I ain’t be hungry now.

You’ll notice that I have marked the word be as optional in the AIN’T insertion rule because I think there are times that a pirate can get away with omitting it altogether – I may have to watch the Pirates of the Caribbean series of movies a few more times and take more notes for some “field data.” So if Captain Jack Sparrow were to say, “You ain’t stealing my ship, ye scury knave,” that’d be perfectly OK.

Pirate ship aflame

“No more Disney cruises for me!”

Another construction popular with pirates is the future. English, as we know, doesn’t actually have a future tense as such but marks future events by using the verb will, the phrase “be going to,” or conditional verbs (shall, could, would, might etc.) But in Pirate English, it’s standard to use the contacted form of will, as in “You’ll be wanting to come aboard, will ye?” or “Ah, he’ll be swabbing the deck now.”

Note that the general form is as follows:

PRON + ‘ll + “be” + VERB+ing

The negative simply requires the insertion of not before the be; “You’ll not be coming aboard” or “We’ll not be dropping anchor here, me hearties.”

These basic syntactic forms – and there be others [2] – can be augmented by learning a simple phonological rules:

Final /ŋ/ -> /n/: Velar fronting

OK, so this can happen in other forms of English but it appears to be particularly marked in PE. The sentence “He’ll be drowning” would be pronounced;

/ˌhil bɪ ˈdɹɑʊnɪn/

Or “They’ll be swimming with the sharks” would be /ˌðeɪl bɪ ˈswɪmɪn wɪ ðə ˈʃaɹks/, which is typically written in pirate literature as “They’ll be swimmin’ wi’ the sharks.” Notice how “with” also undergoes a final consonant deletion to /wɪ/.

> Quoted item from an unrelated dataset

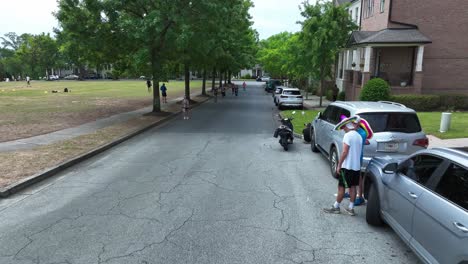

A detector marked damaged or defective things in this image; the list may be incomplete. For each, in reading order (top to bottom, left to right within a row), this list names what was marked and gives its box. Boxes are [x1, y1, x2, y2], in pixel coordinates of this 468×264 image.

cracked asphalt road [0, 81, 418, 262]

But enough of the theory; how about some mindless practice 😉 For all of us with a Facebook account, here’s how to change your Facebook page to use Pirate English:

1. Click on the drop-down arrow at the top right of your page next to Home and find “Account Settings.”
Facebook Account Settings

2. Click on the Edit button for the Language settings.
Facebook Language Settings

3. From the drop-down button select English (Pirate).
Facebook language English (Pirate)

4. Choose the Save Changes  button.
Facebook Save Changes

Ye now be sailin’ as a pirate!

There are some “useful” resources to help you become more linguistically proficient on Talk Like a Pirate Day, and here’s a selection.

(a) Post Like a Pirate
Lets you type in text and have it coverted to Pirate English. Not 100% accurate but a good start!

(b) Website PE Converter
Turn any website into its Pirate English equivalent. Funny stuff indeed!

(c) The Five A’s of Piratese
Th’ Pirate Guys offer a video on Piratese.

(d) A Pirate Dictionary
What it says… a list of piratey words.

(e) Teaching With Pirates
UK resources for pirate-based teaching activities.

Notes
[1] This phenomenon is the basis for “The Case for Ain’t” or “Why Using ‘Ain’t’ Ain’t So Bad.” When someone use ain’t instead of “am not,” “are not,” or “is not,” they are not being lazy but efficient! Just as using be instead of am/are/is simplifies the system, so does using ain’t. This view ain’t going to score me any points with the grammatical prescriptivists but that doesn’t stop my point from being accurate.

[2] One obvious example is that the first person singular possessive determiner, my, and the first person singular object pronoun, me, become one morphological form, /mɪ/. That’s apparent in sentences such as, “Avast ye, me hearties” or “Pass me me grog.” In the case of “you” becoming “ye” (/ji/) that’s just a phonetic change of the /u/ sound to an /i/.